August 11, 2011, 12:20 pm

Poetry Pairing | Celebrating Philip Levine

By KATHERINE SCHULTEN
Philip Levine, 83, at home in Fresno, Calif., grew up in Detroit, where he held a long series of blue-collar jobs.Jim Wilson/The New York TimesPhilip Levine, 83, at home in Fresno, Calif., grew up in Detroit, where he held a long series of blue-collar jobs. Go to related article »

We interrupt our regularly scheduled Poetry Pairing today to celebrate the fact that Philip Levine, who writes “big-hearted, Whitmanesque poems about working-class Detroit,” has been named the next poet laureate.

This week we pair a poem of Mr. Levine’s, “An Extraordinary Morning,” with a piece by Dwight Garner, a book critic at The Times, about Mr. Levine’s work.

And we have further news: For the coming school year, we’re going to be tweaking this feature a bit.

We’ll still publish a weekly poem chosen by the Poetry Foundation paired with a Times article that echoes, extends or challenges the poem’s themes, but this year we’re going to mix up the selection of poems.

Starting on Aug. 18, each week we’ll begin alternating classic poems, the kind that appear in literature anthologies, with lesser-known contemporary poems.

We’re doing this because we want to impress upon students that the poems that have been taught in English class for eons still have something to say to us today — but we also want to introduce young people to new poems and poets.

We invite you to bring your classes to comment on our choices, as these students did recently. As always, we’d also love to know what you think about the changes. Please tell us here.

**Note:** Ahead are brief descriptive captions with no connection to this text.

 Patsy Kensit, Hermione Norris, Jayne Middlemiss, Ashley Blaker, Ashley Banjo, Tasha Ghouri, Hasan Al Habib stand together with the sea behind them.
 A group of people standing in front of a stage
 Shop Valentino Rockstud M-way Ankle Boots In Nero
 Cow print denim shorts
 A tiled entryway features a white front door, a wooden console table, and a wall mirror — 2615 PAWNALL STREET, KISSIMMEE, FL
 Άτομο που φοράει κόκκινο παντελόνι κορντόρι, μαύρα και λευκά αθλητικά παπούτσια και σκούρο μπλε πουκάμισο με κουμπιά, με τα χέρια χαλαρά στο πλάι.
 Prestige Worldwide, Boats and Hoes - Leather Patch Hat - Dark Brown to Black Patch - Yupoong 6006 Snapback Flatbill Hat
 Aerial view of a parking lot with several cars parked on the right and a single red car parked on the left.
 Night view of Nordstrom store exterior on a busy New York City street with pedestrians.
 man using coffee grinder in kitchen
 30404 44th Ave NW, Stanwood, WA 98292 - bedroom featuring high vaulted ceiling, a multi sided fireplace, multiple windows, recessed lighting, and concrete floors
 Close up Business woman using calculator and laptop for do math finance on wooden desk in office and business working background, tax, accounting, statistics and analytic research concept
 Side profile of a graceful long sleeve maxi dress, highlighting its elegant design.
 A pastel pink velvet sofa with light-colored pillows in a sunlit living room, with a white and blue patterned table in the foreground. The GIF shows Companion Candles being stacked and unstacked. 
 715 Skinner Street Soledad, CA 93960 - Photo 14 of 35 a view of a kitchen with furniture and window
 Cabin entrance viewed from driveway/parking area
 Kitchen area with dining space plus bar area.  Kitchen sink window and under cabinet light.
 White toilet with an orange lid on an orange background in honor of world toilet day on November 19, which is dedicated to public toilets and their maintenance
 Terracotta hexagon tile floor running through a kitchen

And now, today’s Poetry Pairing:

 

 


Poem

Philip Levine, just named the next United States poet laureate, writes poetry that speaks to and for everyday folks. His poetry has been noted for its realism and use of everyday speech. “An Extraordinary Morning” introduces readers to two hardworking twin brothers.

— Poetry Foundation

An Extraordinary Morning
By Philip Levine

Two young men — you just might call them boys —
waiting for the Woodward streetcar to get
them downtown. Yes, they’re tired, they’re also
dirty, and happy. Happy because they’ve
finished a short work week and if they’re not rich
they’re as close to rich as they’ll ever be
in this town. Are they truly brothers?
You could ask the husky one, the one
in the black jacket he fills to bursting;
he seems friendly enough, snapping
his fingers while he shakes his ass and sings
“Sweet Lorraine,” or if you’re put off
by his mocking tone ask the one leaning
against the locked door of Ruby’s Rib Shack,
the one whose eyelids flutter in time
with nothing. Tell him it’s crucial to know
if in truth this is brotherly love. He won’t
get angry, he’s too tired for anger,
too relieved to be here, he won’t even laugh
though he’ll find you silly. It’s Thursday,
maybe a holy day somewhere else, maybe
the Sabbath, but these two, neither devout
nor cynical, have no idea how to worship
except by doing what they’re doing,
singing a song about a woman they love
merely for her name, breathing in and out
the used and soiled air they wouldn’t know
how to live without, and by filling
the twin bodies they’ve disguised as filth.